El último deber
Termina este año y espero que, con él, terminen las conmemoraciones de hechos, personas y cosas que todos hemos contribuido a destrozar, en la medida de nuestras posibilidades: como a Lorca, como el 98 y todo su abanico de sugerencias de literatura, historia, biografía: y hagiografía. Tengo la esperanza de que el tema del 98 se haya agotado y que escape ya de las temibles subvenciones y programaciones del Estado o las comunidades: no me quejo de ellas, puesto que en las dolencias de la gente del teatro algo ayudan a sobrevivir: aunque temo que, como en todo, el dinero vaya a los ricos y la pobreza se quede en los de siempre.Ernesto Caballero es un primer talento nacional en dramaturgia, dirección y escritura, y tiene por lo tanto mucho ganado para volver a la unidad de funciones en la literatura dramática, tan maltrecha por la continua división de funciones. Ha hecho también sus deberes, y algo escapa a la pauta del colegio. Hace muchas veces una revistilla de las de la época, aunque la música compuesta para la obra no sobrepase el remedo; un teatro alegórico, si bien hay ciertos harapos en las alegorías -la Dama de Elche, el Alma de España- que se ridiculizan como es bastante lógico, aunque se salve la última: la doncella que representa la III República, entre las palabras finales de que la Historia continúa; después de haber visto un teatrillo de títeres con los últimos -por ahora, claro- reyes de España, desde doña María Cristina hasta don Juan Carlos.
¡Santiago (de Cuba) y cierra España!
Autor: Ernesto Caballero. Música original: Fernando González. Documentación: Jorge Saura. Intérpretes: Josep Albert, Raúl Calderón, Ruth Díaz, Fernando González, Natalia Hernández, Alberto Jiménez, Carmen Machi, Carles Moreu, Roberto Mori, Lydia Otón, Lucía Quintana, Rosa Savoini, Javier Pezzi, Pepe Milán. Vestuario: Rosa García. Iluminación: Juan Gómez-Cornejo. Escenografía: Mónica Quintana. Dirección: Ernesto Caballero. Teatro de La Abadía. Madrid.
Hay también personajes de aquella época, algunos literarios -como Juanito Ventolera, el repatriado criminal que se inventó, o reprodujo, Valle-Inclán-. Apoyados los 108 minutos de representación en hechos reales, evocados con intención crítica, introduce también su anécdota teatral, narrativa, que no está despegada de la situación general.
Quizá todo esto sea poco.
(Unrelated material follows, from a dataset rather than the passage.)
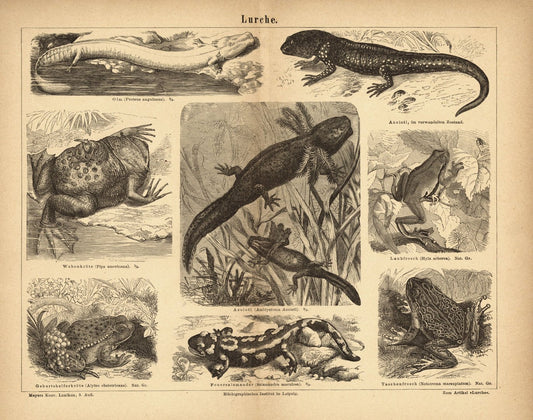 Lurche. Buchillustration (Stich) von 1877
Como si se quedara a medio camino. Un extremo del camino conocido en esta historia del 98 está en los esperpentos y las novelas -el Ruedo ibérico- de Valle-Inclán: este autor se queda más acá, entre la protesta y la subvención. Nos tiene todo el tiempo al borde de que algo se va a decir, algo va a pasar: ni se dice, ni pasa. No rompe la facilidad.
Sin embargo, el público del estreno apareció muy adherido; quizá porque, efectivamente, entre los deberes del año el de Caballero se distingue por su intención crítica, y porque los alumnos de la escuela del Teatro de la Abadía cumplen muy bien sus papeles. La dirección es rápida, viva: las imágenes, aceptables.